Berke said he intends to create the city's first affordable housing trust with $1 million in city funding that can be used alongside federal funding, tax incentives and grants. The city will work with the private sector to build high-quality housing for low- and moderate-income residents, he said.
He also promised to add 1,000 slots for high-quality early learning before he leaves office - a vow that drew strong applause. Berke cited statistics for how early learning and family training programs such as Head Start and Baby University result in stronger families and healthier children who are ready to learn when they reach school age. He said he will put money in the 2019 budget for training and professional development programs for providers.
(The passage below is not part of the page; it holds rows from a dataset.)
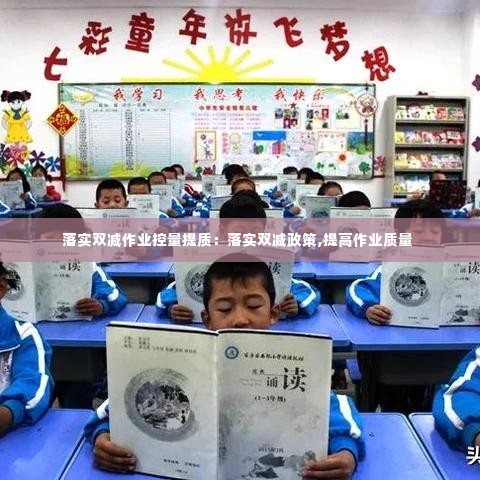 落实双减作业控量提质：落实双减政策,提高作业质量 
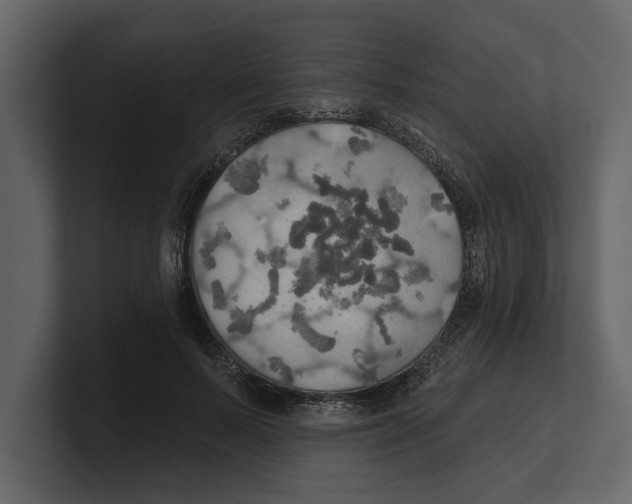 X0000100470695200807111041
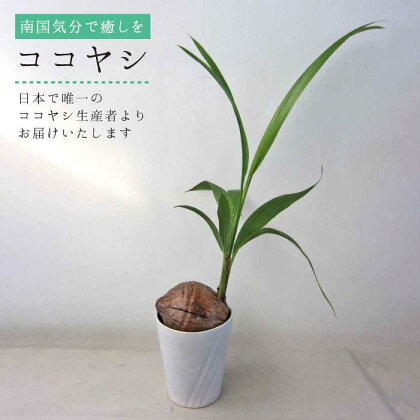 観葉植物『ココヤシ』糸島【はざま園芸】インテリア/緑のある暮らし/飾り/グリーン [AND004] 22000円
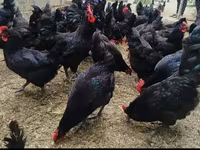 Australorp — photo 3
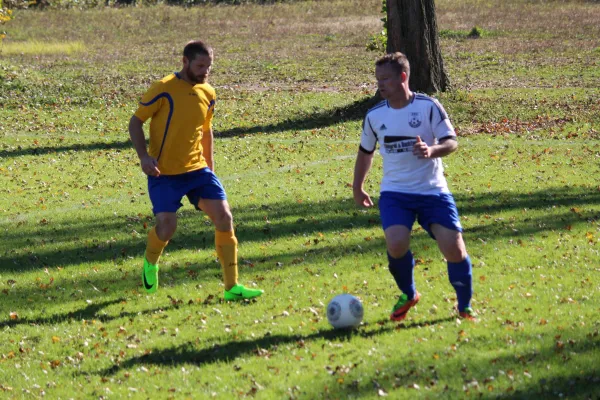 Punktpiel FSV Leimbach II - Borsch/Geismar III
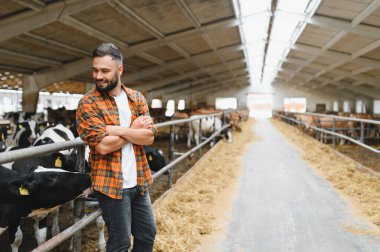 Kendine güvenen çiftçi, sığırlarıyla çevrili bir ahırda durup saman yerken kollarını kavuşturup gülümsüyor.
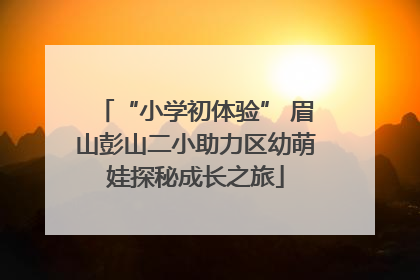 “小学初体验” 眉山彭山二小助力区幼萌娃探秘成长之旅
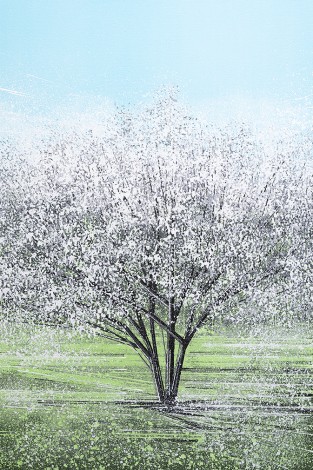 White Tree Blossom In Bright Light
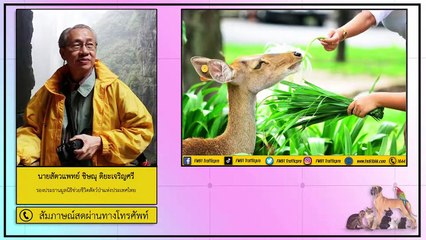 เที่ยวสวนสัตว์แบบเปิด-ปิดอย่างไรไม่ให้เกิดอันตรายต่อคนและสัตว์ : FM91 คลินิกสัตว์เลี้ยง : 10 ตุลาคม 2563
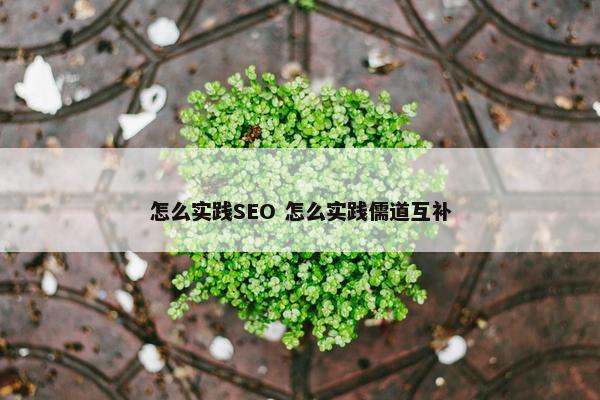 怎么实践SEO 怎么实践儒道互补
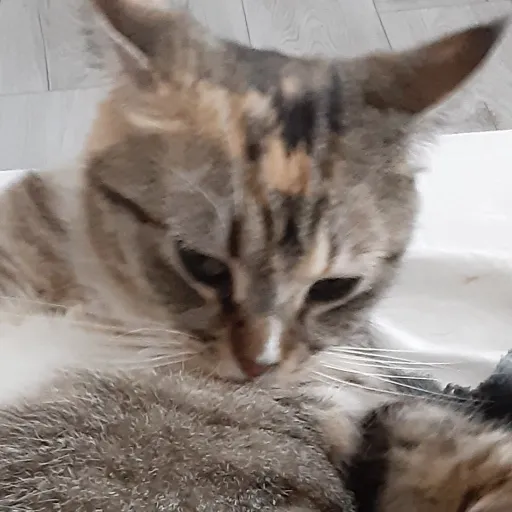 talkie's author avatar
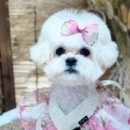 댕그랑댕 이미지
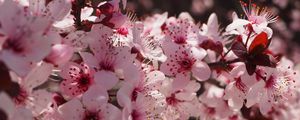 Preview wallpaper flowers, flowering, spring, pink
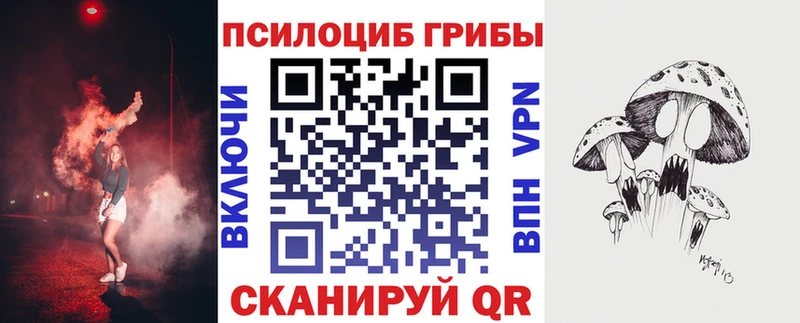Галлюциногенные грибы мицелий  Пушкино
The downtown Innovation District will benefit from redeveloping some city-owned properties within its borders, including the annex across 11th Street from City Hall. Berke said partnerships with the University of Tennessee at Chattanooga and the Oak Ridge National Laboratory, along with $1 billion in new downtown investment, provide momentum. But there's also a need for equity and inclusiveness so "homegrown Chattanoogans will be filling the high-paying jobs we'll be creating here."
He said the city will use the request-for-proposal process to assess possibilities.
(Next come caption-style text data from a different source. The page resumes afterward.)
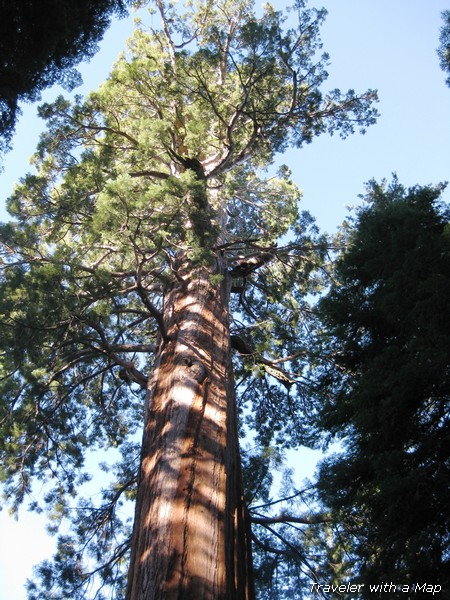 sequoia tree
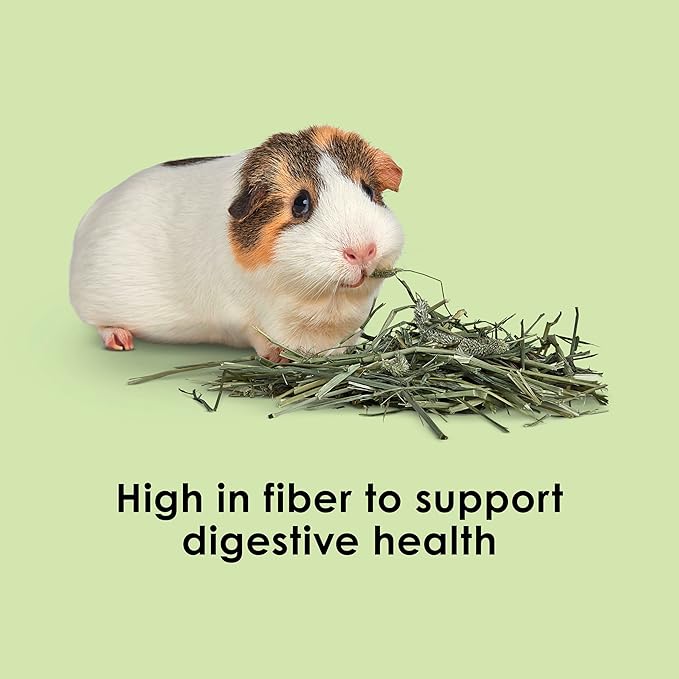 Kaytee Timothy Hay, High Fiber, Grown Specifically for Small Animals, Rabbits, Guinea Pigs, Chinchillas, Ideal Bulk Order for Small Pets, 24 pounds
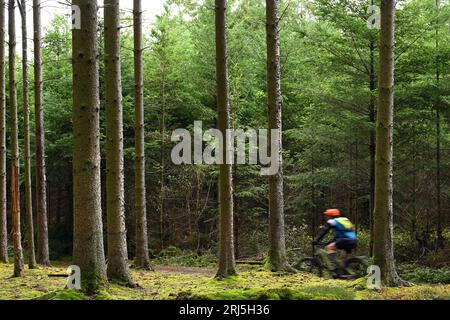 Moutainbiker dans les Ardennes Banque D'Images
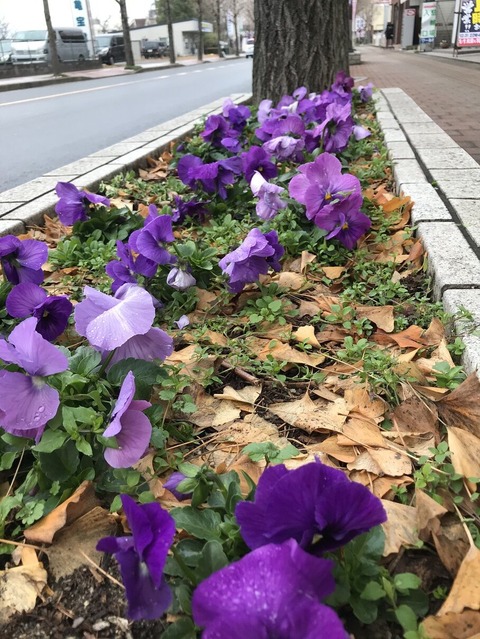 19.12.26���˥åƥ��̤�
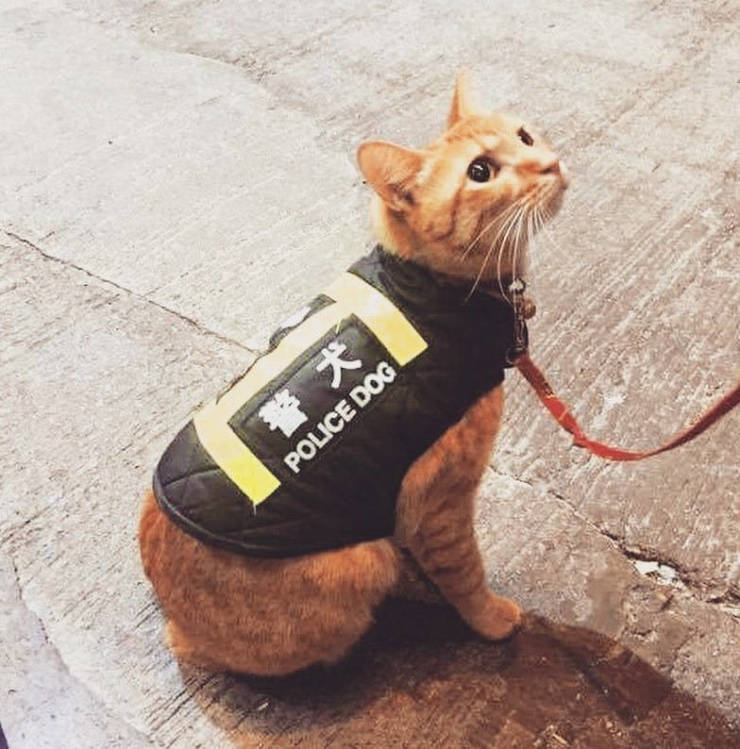 Morning Picdump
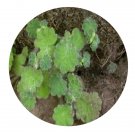 DwarfGiantFarm 200Pcs A Set Saxifraga sibirica Seed   Prodgf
Berke said a new creation, the Mayor's Council Against Hate, will gather volunteers who will work to create "an open, tolerant and diverse Chattanooga." Tennessee ranks ninth in the number of hate crimes nationally, he said. That includes the murders of five service members on July 16, 2015, he said.
But he also touted what he called successful efforts by law enforcement to make Chattanooga's streets and neighborhoods safer. Those include a record-high number of sworn police officers, the city's new Real Time Intelligence Center and other technology.
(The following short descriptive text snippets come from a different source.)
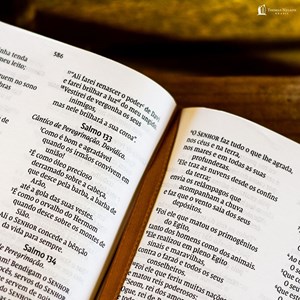 Bíblia Sagrada Jesus Cristo Artística | NVI | Letra Normal | Capa Dura Dourada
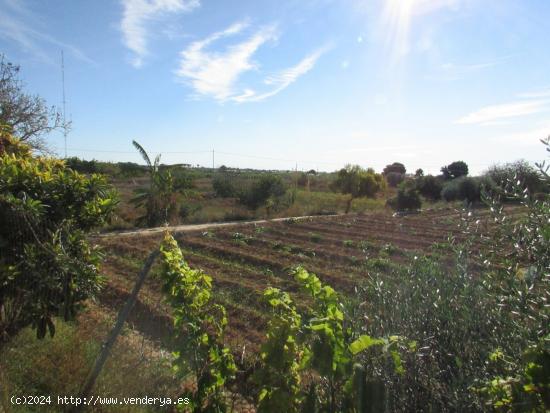  Parcela en el campico de Guardamar - ALICANTE 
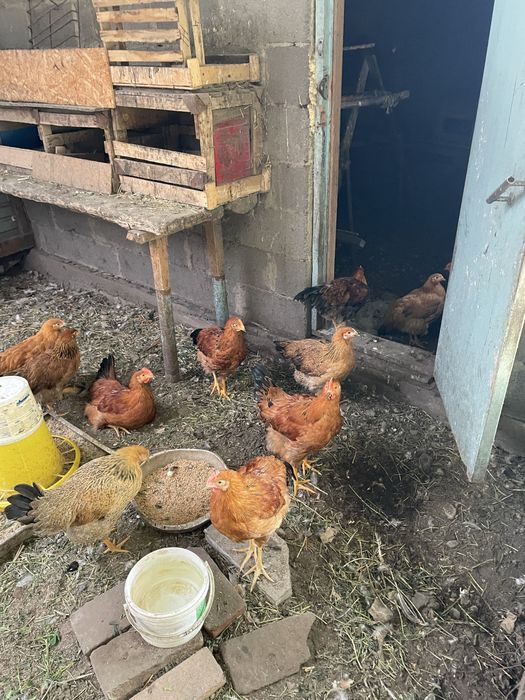 Продам петухов кученской породы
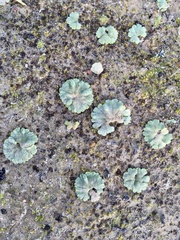 Riccia crystallina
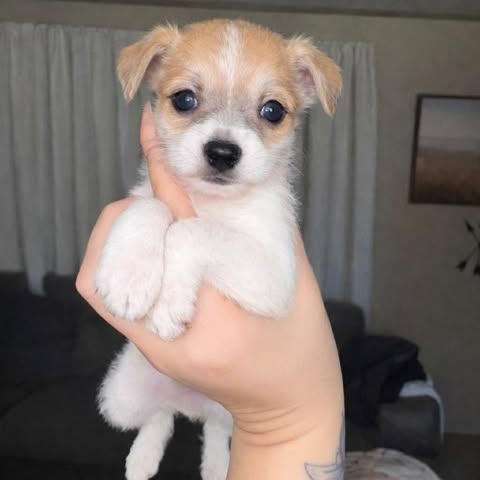 Hammie, adoptable, Puppy Female Chihuahua & Miniature Schnauzer.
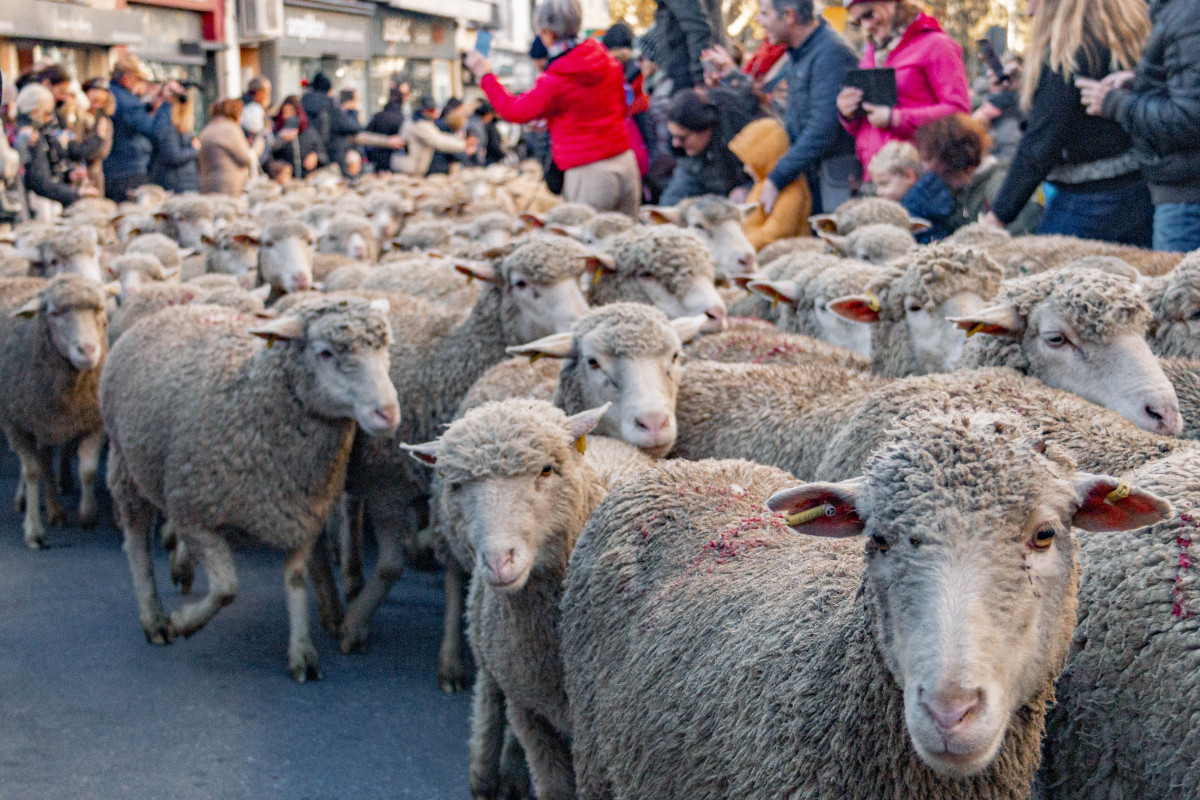 Rendez-vous avec l’histoire locale : Pastoralisme et transhumance_Istres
Focusing on the "small number of people doing the most violence" has had an impact, with a 30 percent fall-off in gang-related shootings, he said. The recent indictments of 54 Athens Park Bloods gang members cleared six unsolved homicides, the mayor said, to another sustained round of applause.
And emphasizing crime victims and community building through the Family Justice Center, the Citizen Safety Coalition and other programs is helping people feel safer in their streets and neighborhoods, Berke said.
He closed with a reference to the Bible.
"God is the creator. And we are all created in his image. So when we proclaim ourselves as a city of creators, we claim a higher purpose. Not solely to create a great city, but to unleash the creative will and capacity of his entire creation."
Council Chairman Ken Smith said afterwards he was impressed by the energy in the room and he's looking forward to learning more details about the mayor's proposals, including his plans to fund and implement them.
"We need to be partners in moving the city forward," Smith said.